Transport maritime: La Compagnie Simaoise de Transport Maritime lance « El Djaanfari »

​El-Djaanfari est le dernier arrivé des catamarans à passagers à grande vitesse dans l’espace maritime inter-îles. Il est débarqué au port de Mutsamudu en fin d’après-midi vendredi. Ce catamaran d’environ 250 passagers et d’une vitesse de 30 nœuds peut relier Moroni-Mutsamudu, Mutsamudu-Dzaoudzi, en moins de 3h30 heures. Dès dimanche, « EL-Djaanfari fera sa première traversée entre Mutsamudu-Moroni-Mutsamudu. Question de démontrer ce que notre bateau a dans les tripes. » nous dit vendredi matin Mohamed Djaanfari, le patriarche de la compagnie simaoise de transport maritime qui arme le « El-Djaanfari ». « Par ce que je crois que l’avenir de notre pays est dans l’océan et qu’il suffira d’une bonne gestion pour que tout marche. Et qu’il fallait impérativement aussi comme ça toujours était dans mes préoccupations, répondre à un besoin urgent de la population comorienne qui a du mal à circuler entre les îles. On ne doit plus laisser des étrangers seuls opérer dans ce domaine. Nous sommes aussi capables de mieux faire dans ce domaine. » justifie Mohamed Djaanfari son addiction à la mer après plusieurs tentatives avortées à se faire un nom dans le milieu. 
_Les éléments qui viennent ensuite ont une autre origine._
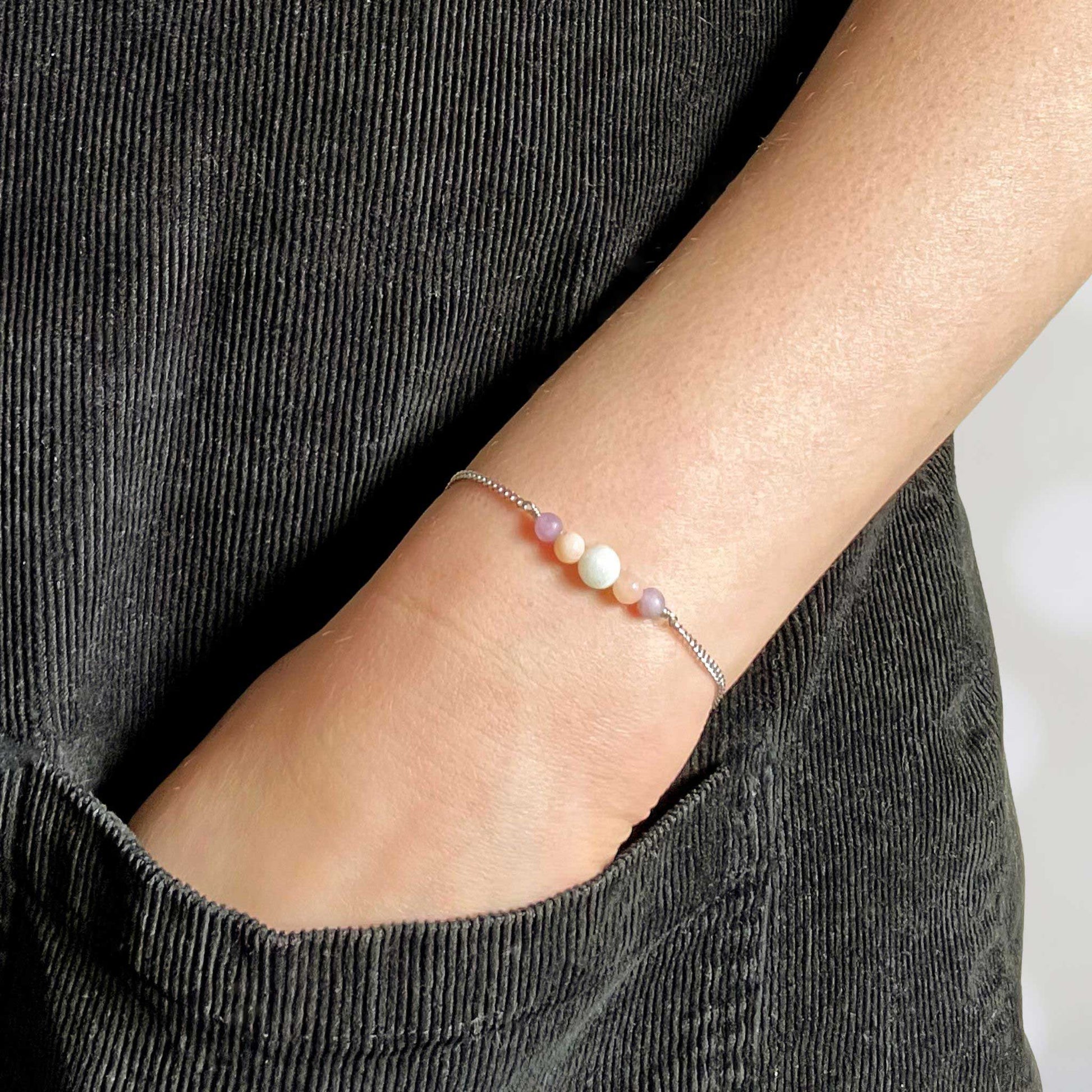 Woman with hand in pocket wearing pastel gemstone bracelet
A le croire, « cette fois, c’est la bonne. Je ne suis plus seul. J’ai mes quatre garçons qui se sont associés au projet et ça ne sera plus comme avant. Nous avons un nouvel outil de travail performant avec d’énormes capacités qui demandent une gestion sérieuse. Ce n’est plus Mohamed Djaanfari et ses bateaux de 60 à 70 passagers mais une vraie compagnie qui doit gérer un bateau qui répond à toutes les recommandations pour transporter prêt de 250 passagers. » 

Pour le côté commercial cet armateur du sud dit s’aligner dans la grille tarifaire recommandée par l’état. Il n’y aura aucune incidence selon lui. Sauf pour Mayotte où « les charges d’exploitation ne sont pas les mêmes. Il y aura effectivement une petite incidence de tarif pour les passagers. Mais à Moroni nous allons travailler avec les tarifs en vigueur. » c’est-à-dire 15 500 Fc la traversée. Un tarif qui aurait cloué au petit quai du port de Mutsamudu, le Ntringui Express de la SGTM. Un catamaran de presque les mêmes caractéristiques et qui faisait le trajet Moroni-Mutsamudu en moins de 4 heures.

Mohamed Djaanfari, dans le passé, a effectivement tiré ses révérences dans le trafic maritime entre les îles, Madagascar et la côte Est africaine. Ce retraité de l’armée française, s’est reconverti dans le maritime début des années 90. Il est le premier à apporter des moyens de transports plus performant et rapide que les caboteurs en bois de l’époque. Des gardes côtes reformées qui ont fait le bonheur des passagers mais qui ont fait la fierté de toute la région. Un succès peut être qui auraient selon certains, fait plus de mal que du bien à cet armateur têtu comme un…militaire. Il se remet donc de ses échecs, tant en politique qu’en affaires. Beaucoup reprochent Djaanfari, de n’avoir jamais su dissocier bizness, famille, région et politique. Et c’est ce qu’il dit vouloir éviter cette fois en élargissant les actions de la société par celles de ses 4 enfants qui vont devoir s’impliquer davantage à la gestion et apporter un sang neuf.